Nor is it generally appreciated in the industry that the adoption of what is now regarded as a most obvious proposition—the high-economy incandescent lamp—was the result of that characteristic foresight which there has been occasion to mention frequently in the course of this narrative, together with the courage and "horse-sense" which have always been displayed by the inventor in his persistent pushing out with far-reaching ideas, in the face of pessimistic opinions. As is well known, the lamps of the first ten or twelve years of incandescent lighting were of low economy, but had long life. Edison's study of the subject had led him to the conviction that the greatest growth of the electric-lighting industry would be favored by a lamp taking less current, but having shorter, though commercially economical life; and after gradually making improvements along this line he developed, finally, a type of high-economy lamp which would introduce a most radical change in existing conditions, and lead ultimately to highly advantageous results. His start on this lamp, and an expressed desire to have it manufactured for regular use, filled even some of his business associates with dismay, for they could see nothing but disaster ahead in forcing such a lamp on the market. His persistence and profound conviction of the ultimate results were so strong and his arguments so sound, however, that the campaign was entered upon. Although it took two or three years to convince the public of the correctness of his views, the idea gradually took strong root, and has now become an integral principle of the business.
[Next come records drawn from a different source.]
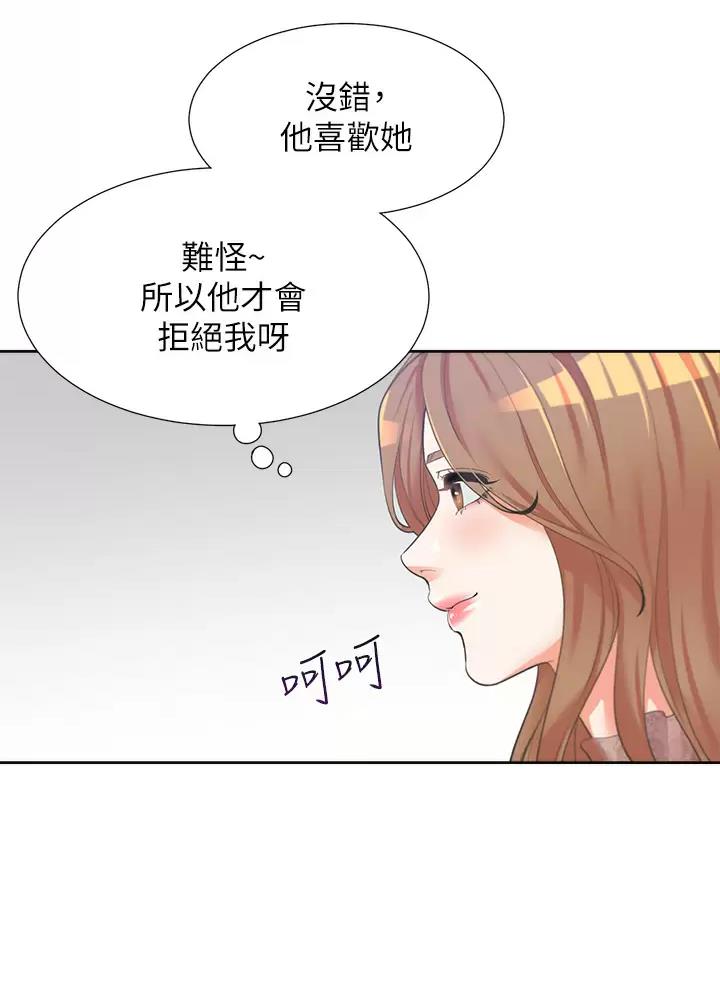 《合租上下铺》漫画最新章节第8话免费下拉式在线观看章节第【16】张图片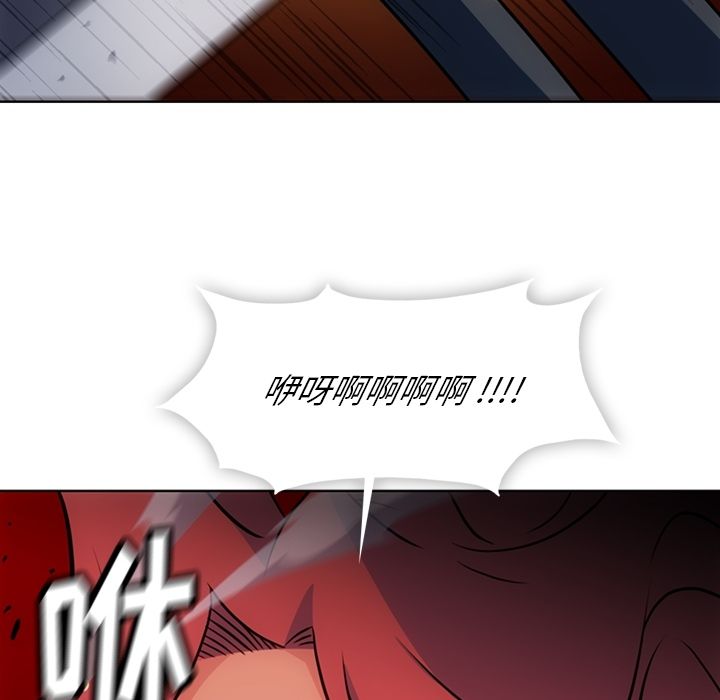 如此可爱的间谍? 如此可爱的间谍?：34 第33页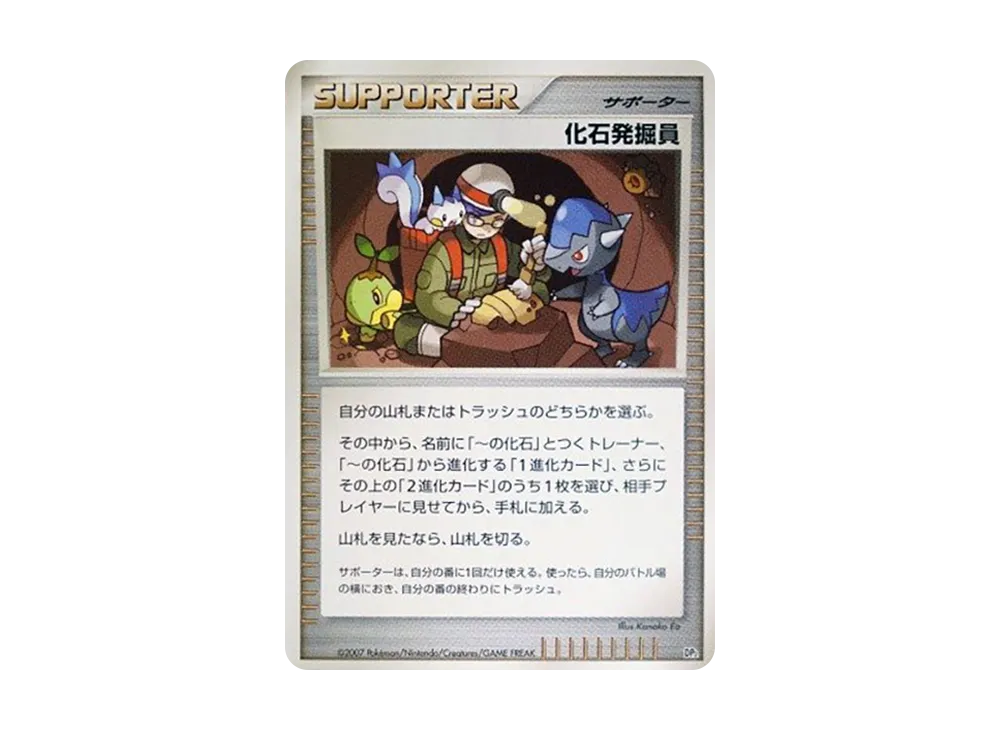 ポケモン ポケモンカードゲーム「構築ハーフデッキ 攻めのラムパルド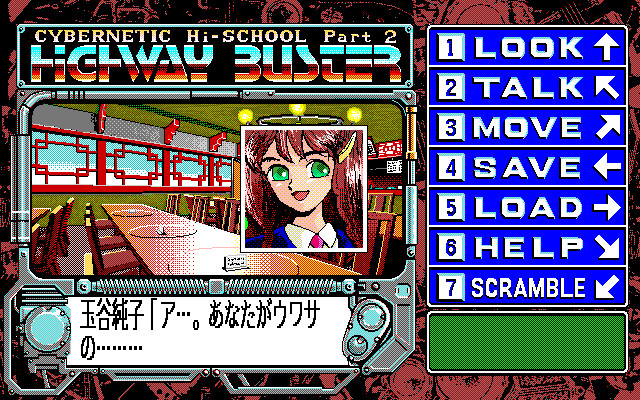 덴노 학원 2 ～하이웨이 버스터！！～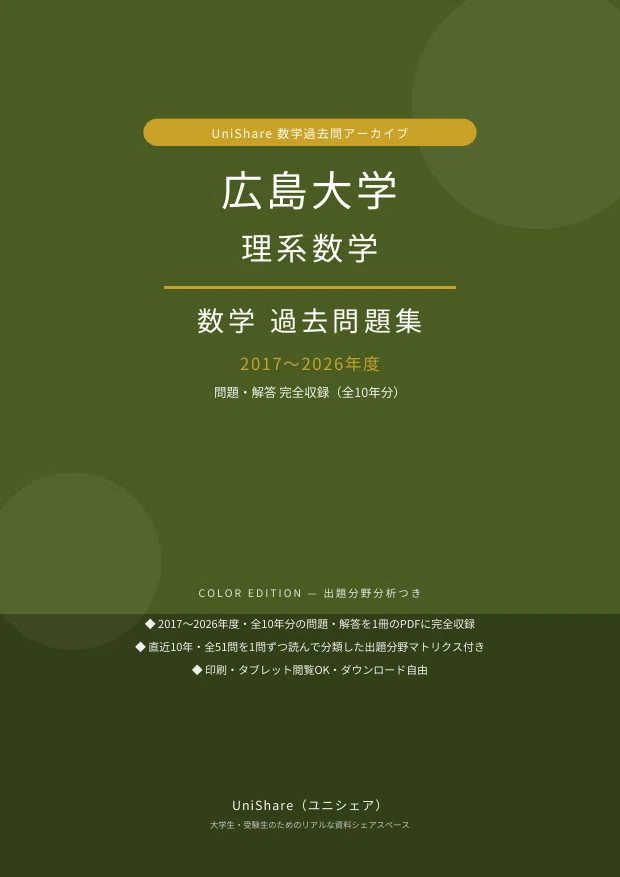 📘【広島大学 理系数学】過去問題集 直近10年分(2017〜2026年度)｜問題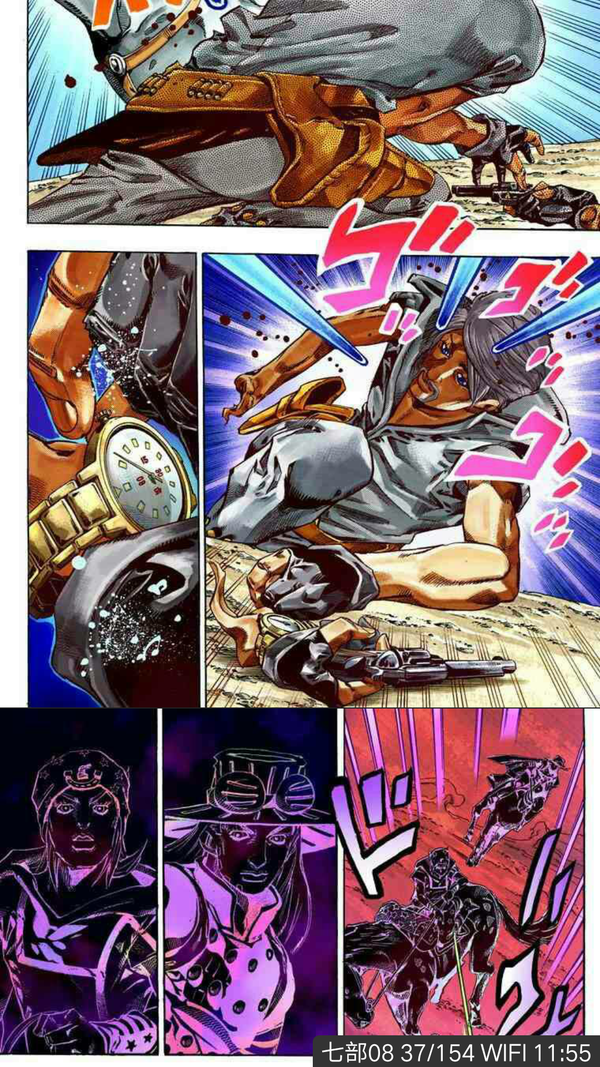 jojo中和时间有关的替身有哪些?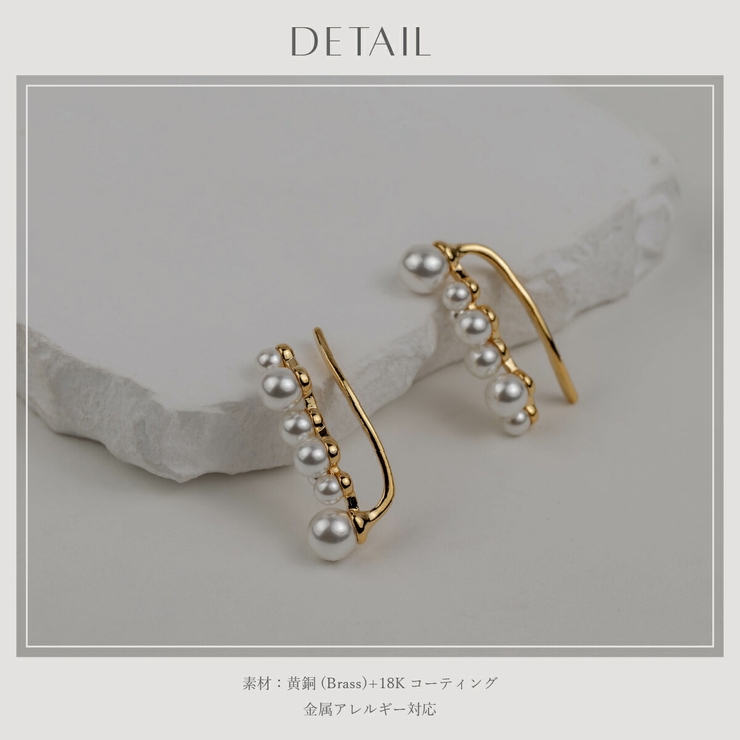 【CRAIFE】イヤーカフ イヤカフ 金属アレルギー対応 片耳・両耳 選択可 | CRAIFE | 詳細画像12 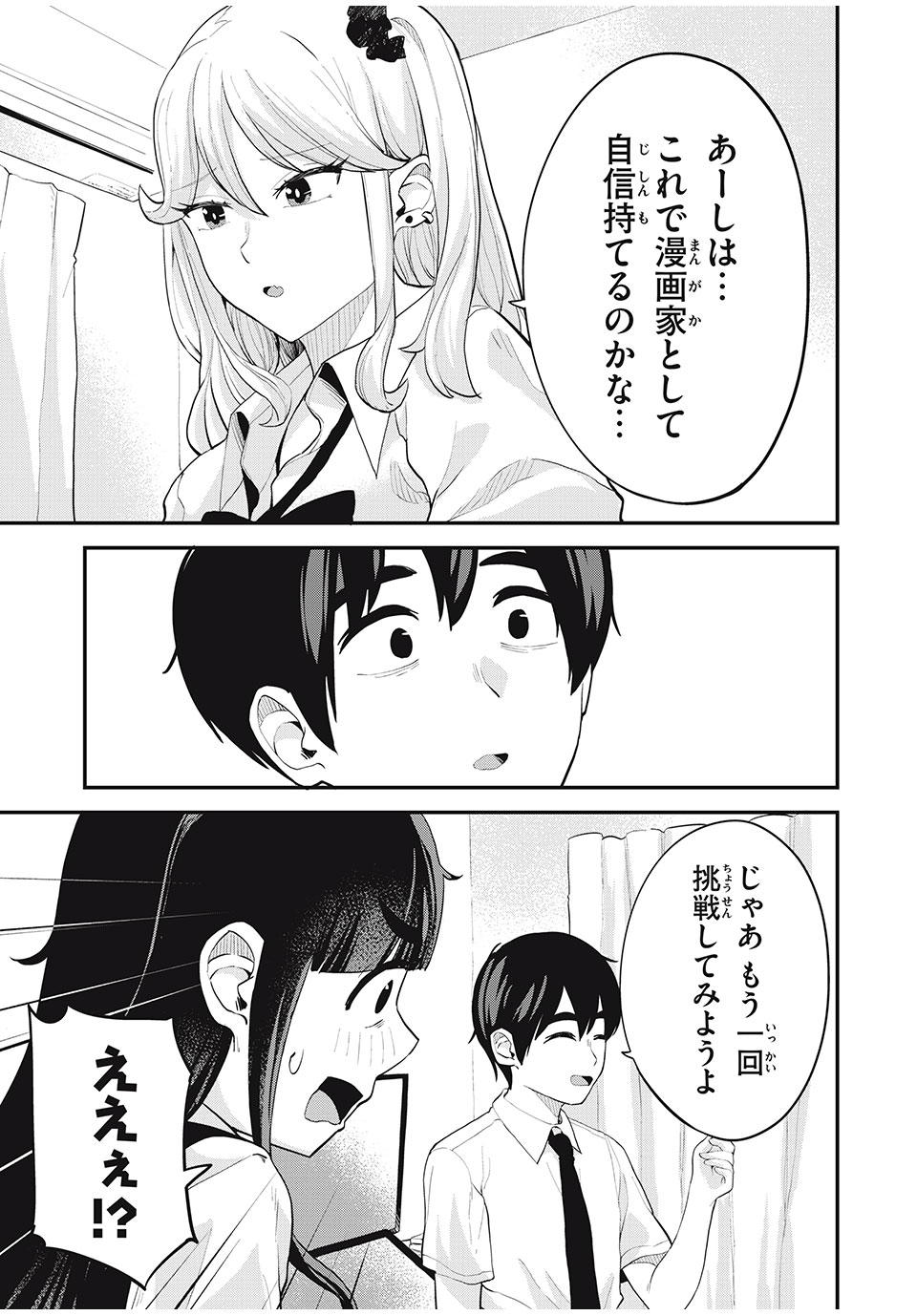 ぎゃるアシ 第30話 - Page 3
In this connection it may be noted that with remarkable prescience Edison saw the coming of the modern lamps of to-day, which, by reason of their small consumption of energy to produce a given candle-power, have dismayed central-station managers. A few years ago a consumption of 3.1 watts per candle-power might safely be assumed as an excellent average, and many stations fixed their rates and business on such a basis. The results on income when the consumption, as in the new metallic-filament lamps, drops to 1.25 watts per candle can readily be imagined. Edison has insisted that central stations are selling light and not current; and he points to the predicament now confronting them as truth of his assertion that when selling light they share in all the benefits of improvement, but that when they sell current the consumer gets all those benefits without division. The dilemma is encountered by central stations in a bewildered way, as a novel and unexpected experience; but Edison foresaw the situation and warned against it long ago. It is one of the greatest gifts of statesmanship to see new social problems years before they arise and solve them in advance. It is one of the greatest attributes of invention to foresee and meet its own problems in exactly the same way.